Some local chapters would switch between the Farmers' Union and the Farmers' Association. For example, in November 1921, Ramygala chapter with 100 members defected to the union, while Daukšai chapter defected to the association.

== Platform ==
The union considered farmers to be the basis of national prosperity and, therefore, farmers should have the leading role in Lithuania's politics. The union had ambitions of representing farmers, the largest segment of the Lithuanian society, and becoming a major political party. The union based its platform on the principles of nationalism and Catholic faith. Banaitis opposed divisions and conflicts between the social classes.

The union opposed the 1922 land reform in Lithuania which nationalized land owned by manor owners and distributed it to small farmers. It compared the land reform to Bolshevism. While the union agreed with the general principle of the land reform, it believed that it should be implemented with less haste as destruction of large farms would lead to economic disruption and higher taxes for small farmers. The government should nationalize neglected land and distribute it only to those who owned proper tools and equipment. The union supported the inviolability of private property, demanded fair compensation for the nationalized property, and advocated for the removal of restrictions on selling land. The union also called for prohibition of lumber exports, elimination of requisitions, availability of low-interest loans, reduction of costs for agricultural transport via the railroad.

The union criticized the Constituent Assembly of Lithuania as ineffective and called for its dissolution. For example, it criticized the assembly for delaying the introduction of the Lithuanian litas, the national currency, and for budget deficit of 25%. The union drafted its program which included constitutional articles. For example, it called for a democratic republic and a president elected for a five-year term. The union opposed the separation of church and state.

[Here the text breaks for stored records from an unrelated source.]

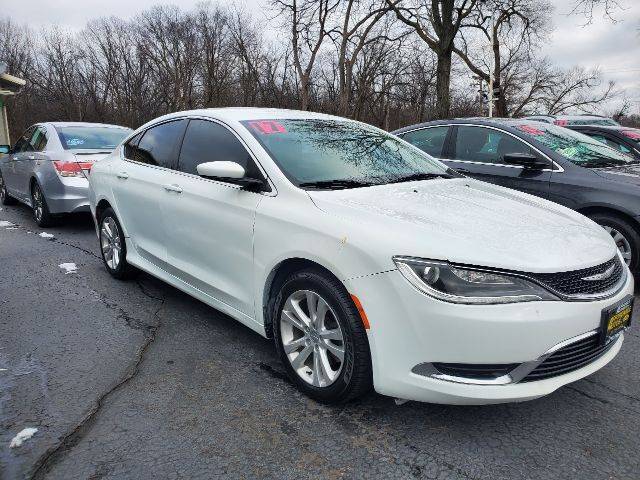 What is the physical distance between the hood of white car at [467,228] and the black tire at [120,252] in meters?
→ 2.61

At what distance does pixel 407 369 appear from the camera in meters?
2.34

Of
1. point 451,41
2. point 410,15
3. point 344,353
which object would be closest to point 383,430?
point 344,353

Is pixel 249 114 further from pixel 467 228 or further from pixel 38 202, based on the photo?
pixel 38 202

Contemporaries criticized the party as representing interest of wealthy farmers, large landowners, and manor owners (Lithuanian nobility). Its leaders were criticized as city dwellers removed from agricultural work. The party was also criticized for being to dependent on the Party of National Progress. Mykolas Krupavičius, one of the leaders of the Lithuanian Christian Democratic Party and authors of the land reform, called the union "godless".

==Žemdirbių balsas==
On 7 October 1919, the union published the first issue of its weekly newspaper Žemdirbių balsas (Farmers' Voice) which was edited by Banaitis. The newspaper promoted the union in the Lithuanian elections, criticized the government (particularly the law on local self-governance), promoted economic issues relevant to the farmers (for example, encouraged linen production, opposed linen monopoly, advocated for a farmers' bank).

After the April 1920 election, the newspaper was discontinued on 14 May 1920. It was briefly relaunched between 1 January and 22 February 1921. It was published again from January 1922 to 5 February 1923.